Robotic Operating System Reaches New Level

01.06.20

The robotic operating system (ROS) is a flexible framework for writing robot software. It is a compilation of systems, libraries and codes in which the objective is to simplify the assignment of developing complex and powerful robot behavior throughout a large array of various robotic platforms. ROS was originally built to encourage collaboration within the realm of robotics software development. It is the installation of capabilities from varying agents building on each other in order to procure a strong ecosystem to obtain the initial goal.
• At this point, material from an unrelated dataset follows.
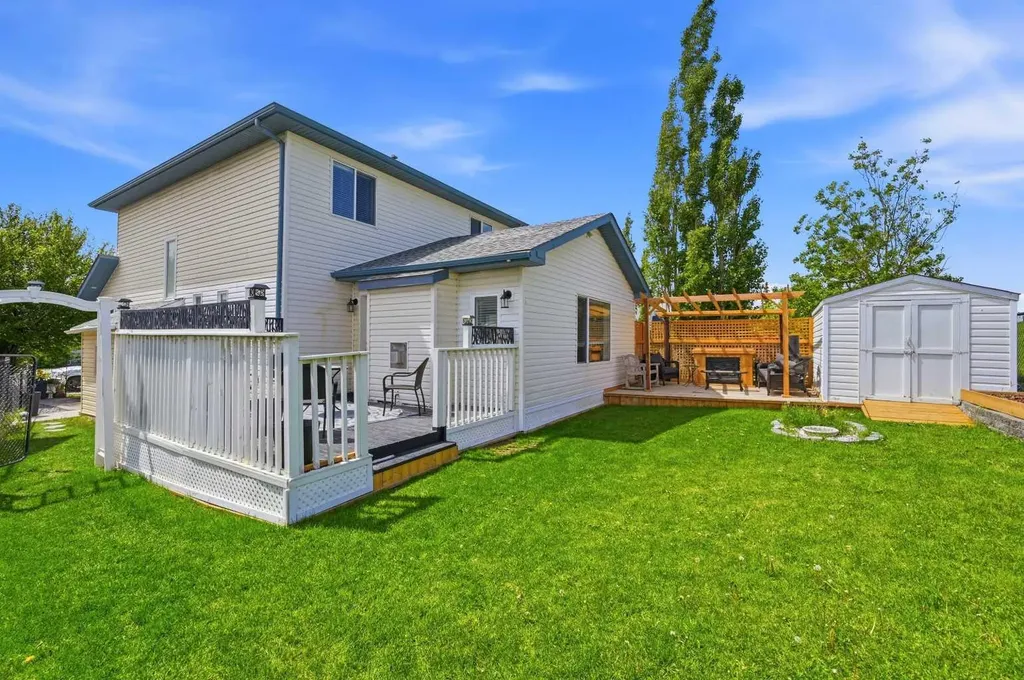 46 Citadel Meadow Crescent NW Calgary AB T3G 4Z1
ROS operates as a middleware on top of a traditional operating system, such as Linux. This entails that ROS provides a modular processing network that allows the same base core functionality and code to be applied within different applications — thus soaring ROS to become a very popular open-source framework. As the comprehension of robotics increases, so does the aspiration of enhancing the status quo of machine sensing, reasoning, safety, efficiency and a more dynamic relationship between humans and robots. 

There is a need for an architectural revolution as ROS has reached its level of maturity within its own set of limitations. In order to bring the current ROS to the next level, Willows Garage, American robotics research lab and technology incubator, initiated the use case of PR2 that motivated the development of ROS2 in 2015. Its primary goal was to provide a software toolset that would support novel research and development projects with PR2, and simultaneously allow ROS to aid other robots with abstraction playing a heavy role in design. 

The key element of how ROS2 will revolutionize the industry is the achievement of better real-time support, including a decentralization of nodes and structuring systems, such as life cycle management and static configuration for deployment. It is still in its early stages of development and there are ongoing research efforts to establish this framework as the most viable option for future industrial applications.